> **TASK TO CARRY OUT**:
Leave the images out and repeat the data exactly as given.

> **LISTED RECORDS**:

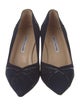 Manolo Blahnik Suede Pumps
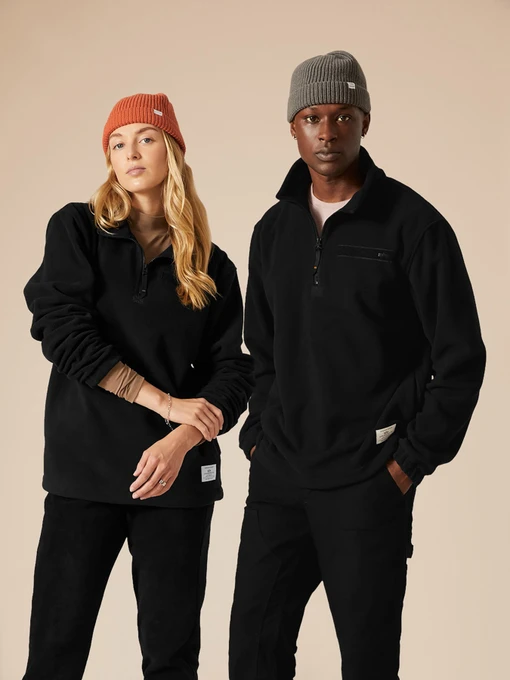 Худі та світшоти Alpha Industries QUARTER ZIP FLEECE модель UJQ51500C1_001 Фото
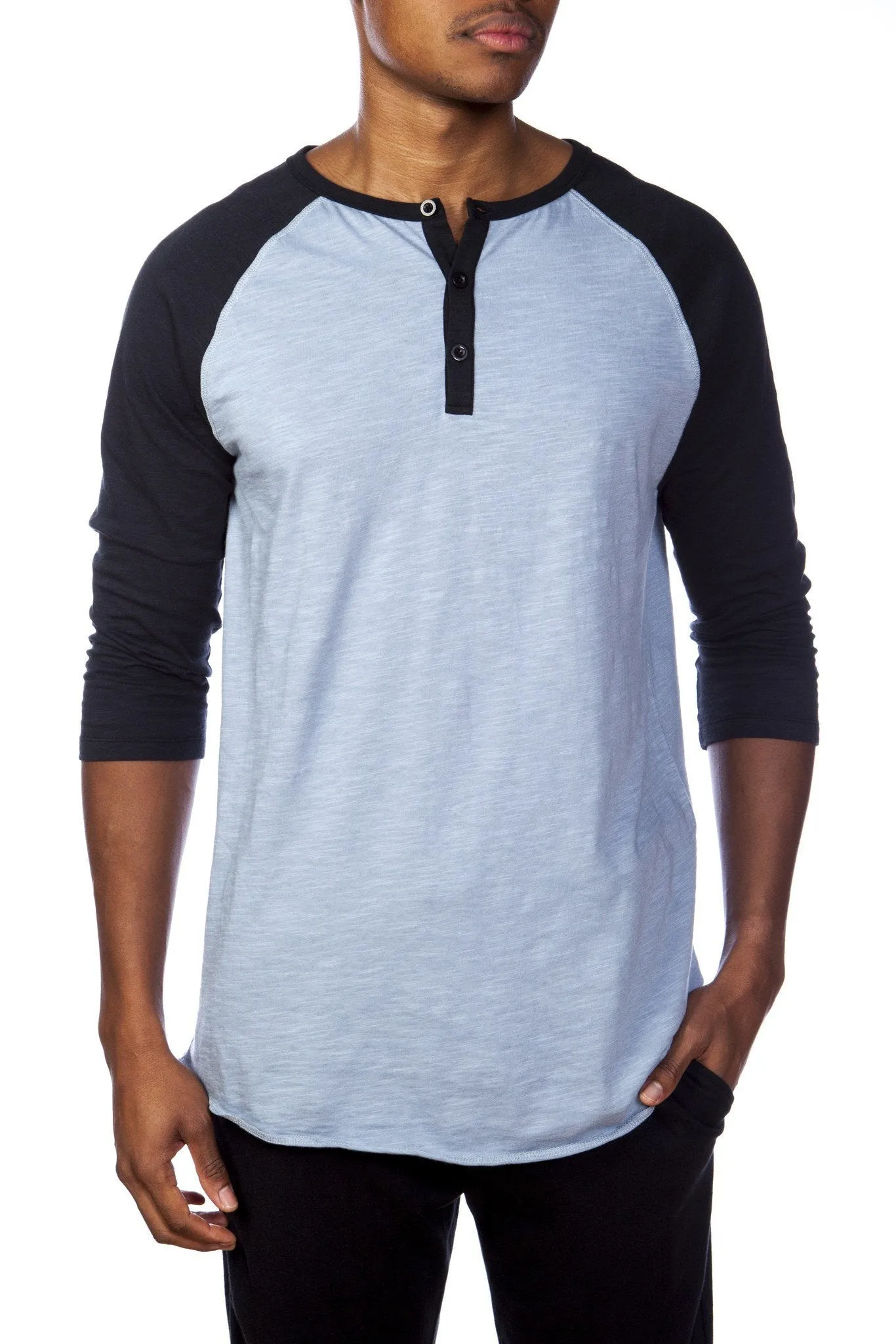 3/4 Sleeve Lounge Baseball Tee
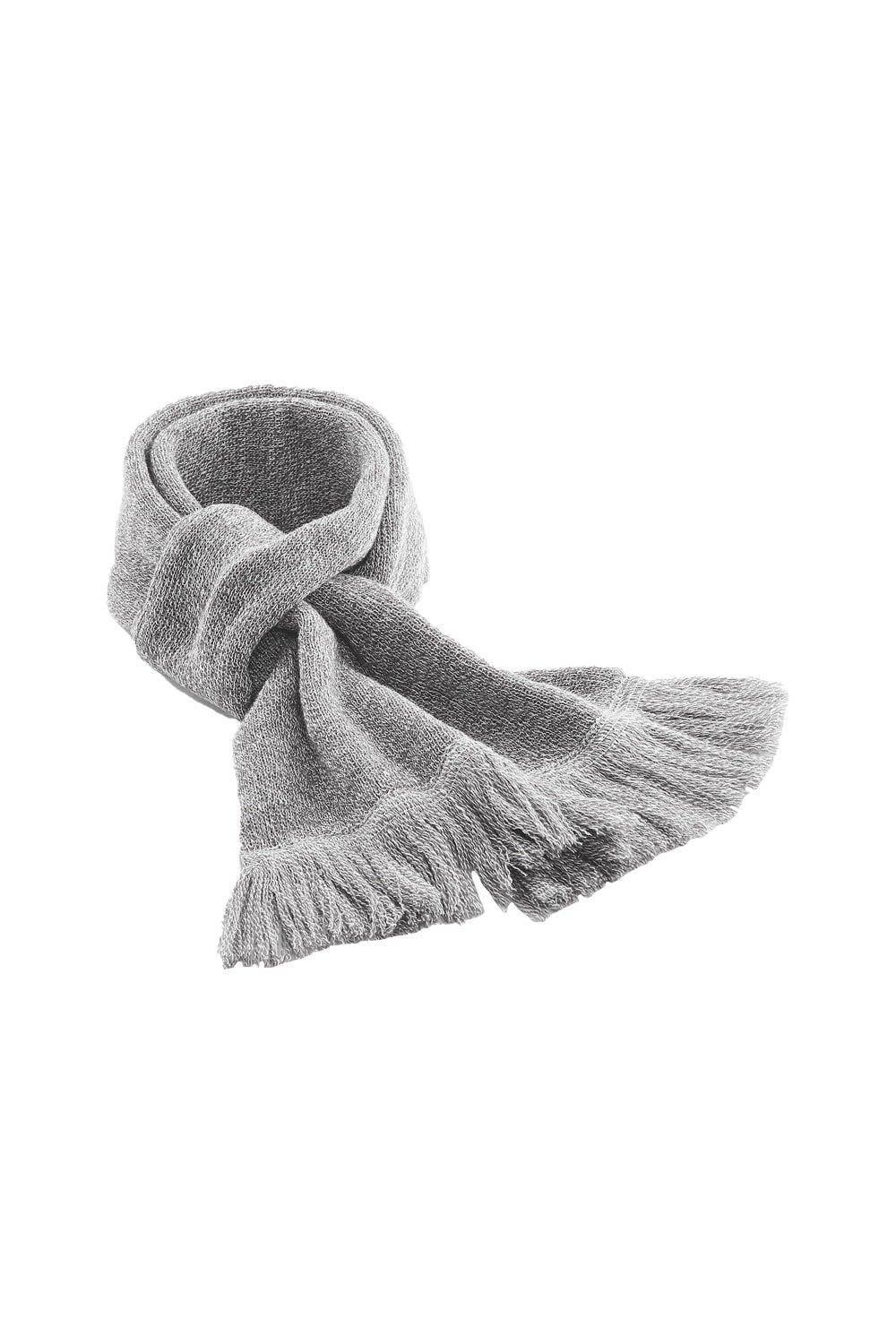Классический вязаный зимний шарф Beechfield, серый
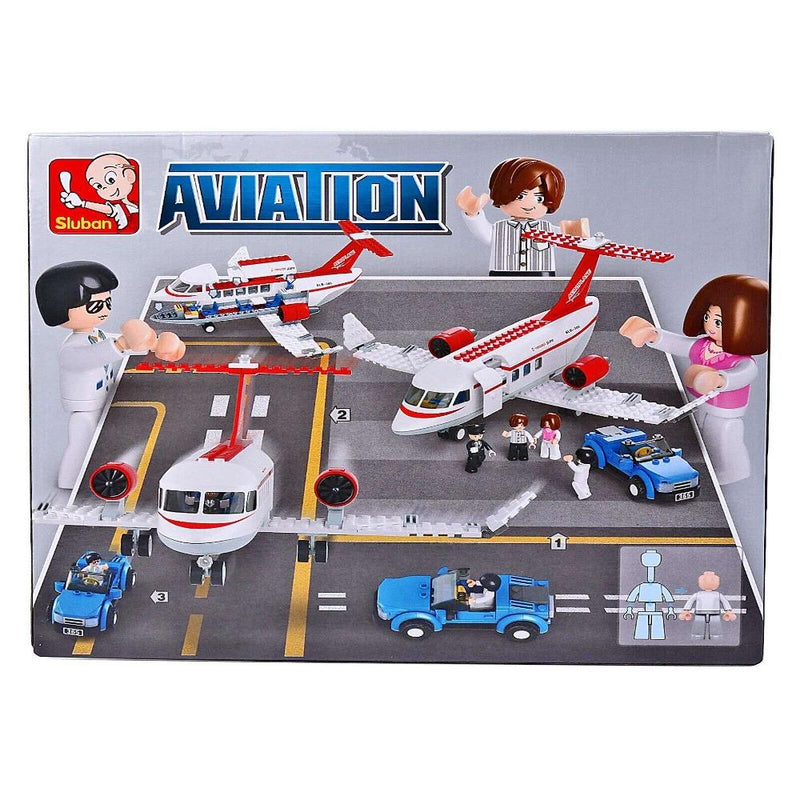 Sluban M38-B0365 C Concept Plane Building Block Set - 275 Pieces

> **RESPONSE FOR THIS EXERCISE**:
 Manolo Blahnik Suede Pumps
 Худі та світшоти Alpha Industries QUARTER ZIP FLEECE модель UJQ51500C1_001 Фото
 3/4 Sleeve Lounge Baseball Tee
Классический вязаный зимний шарф Beechfield, серый
 Sluban M38-B0365 C Concept Plane Building Block Set - 275 Pieces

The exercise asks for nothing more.